* SUPPLIED INFORMATION *
=====

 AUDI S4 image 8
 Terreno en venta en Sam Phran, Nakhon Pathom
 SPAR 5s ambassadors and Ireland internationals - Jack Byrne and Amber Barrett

=====

* TASK ITEM *
Every line of the data should be copied exactly.

* REPLY *
 AUDI S4 image 8
 Terreno en venta en Sam Phran, Nakhon Pathom
 SPAR 5s ambassadors and Ireland internationals - Jack Byrne and Amber Barrett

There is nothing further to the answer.